# [Goal of the exercise]
Reproduction of part of the material below, pictures omitted: copy exactly, and only, the lines starting with the one with "Plecak w kolorze cappuccino" and going on through the one with "Ruang Administrasi Farmasi".

Dataset Start Marker

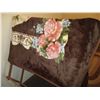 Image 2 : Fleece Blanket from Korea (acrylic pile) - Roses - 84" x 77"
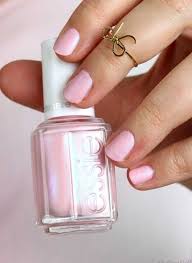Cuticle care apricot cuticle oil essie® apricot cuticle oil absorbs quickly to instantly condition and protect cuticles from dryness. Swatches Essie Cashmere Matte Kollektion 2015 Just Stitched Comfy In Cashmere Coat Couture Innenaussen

Dataset End Marker
Dataset Start Marker

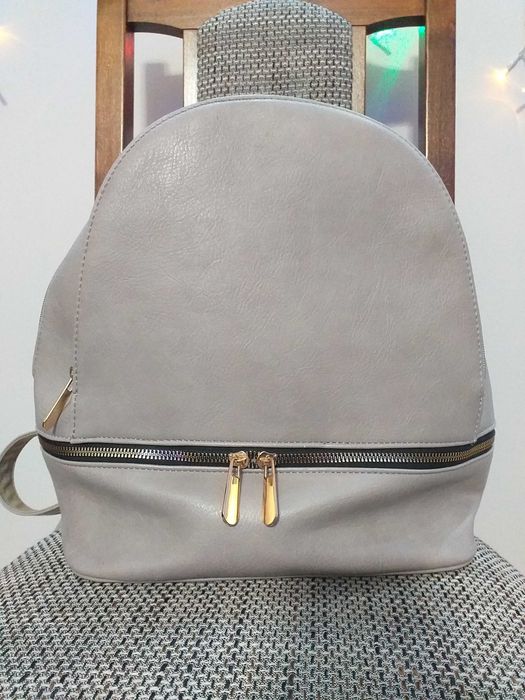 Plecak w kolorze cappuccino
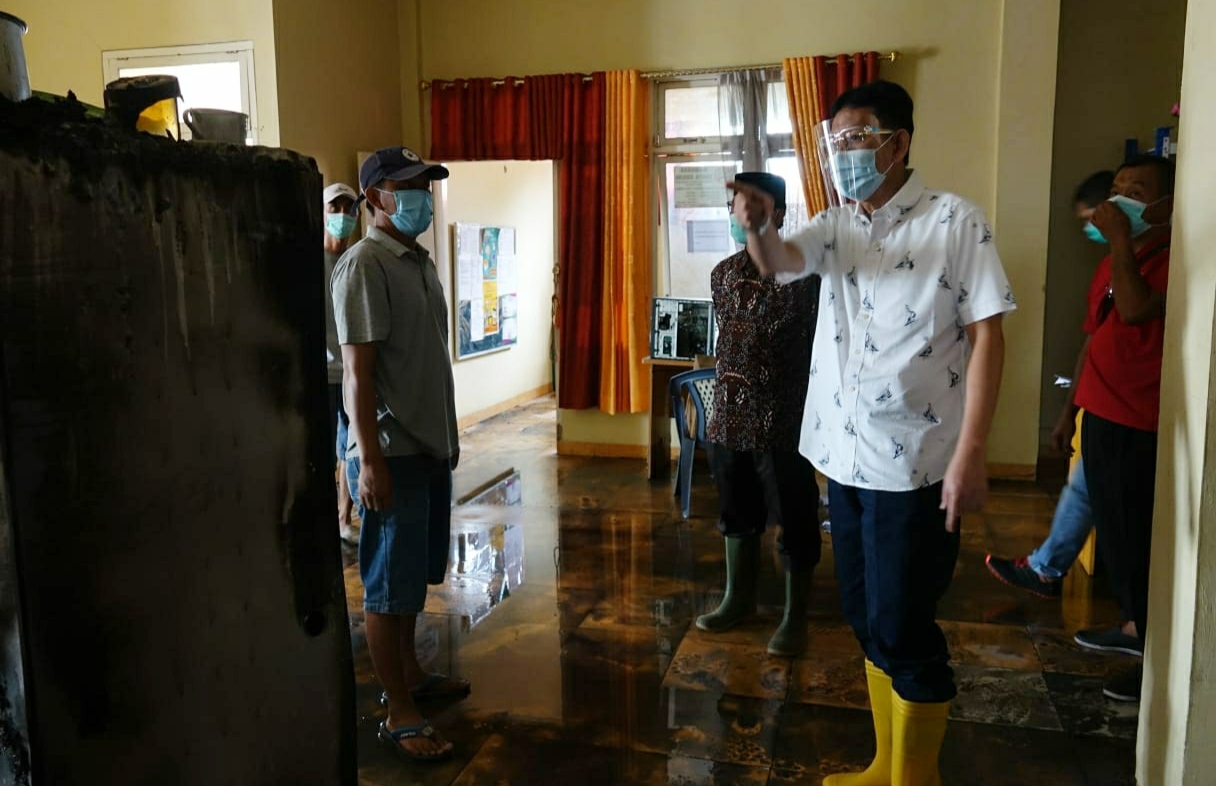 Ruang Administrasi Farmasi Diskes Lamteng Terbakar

Dataset End Marker
Dataset Start Marker

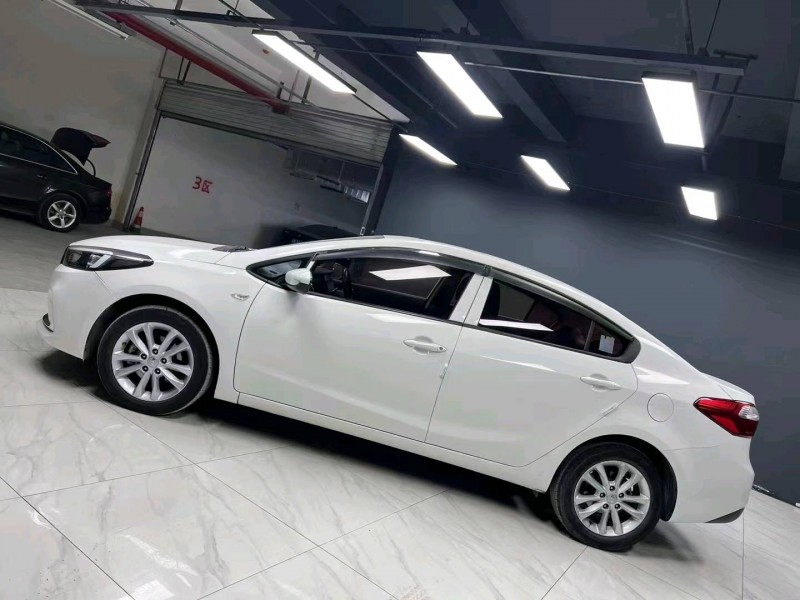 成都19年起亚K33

Dataset End Marker

# [Task result]
 Plecak w kolorze cappuccino
 Ruang Administrasi Farmasi Diskes Lamteng Terbakar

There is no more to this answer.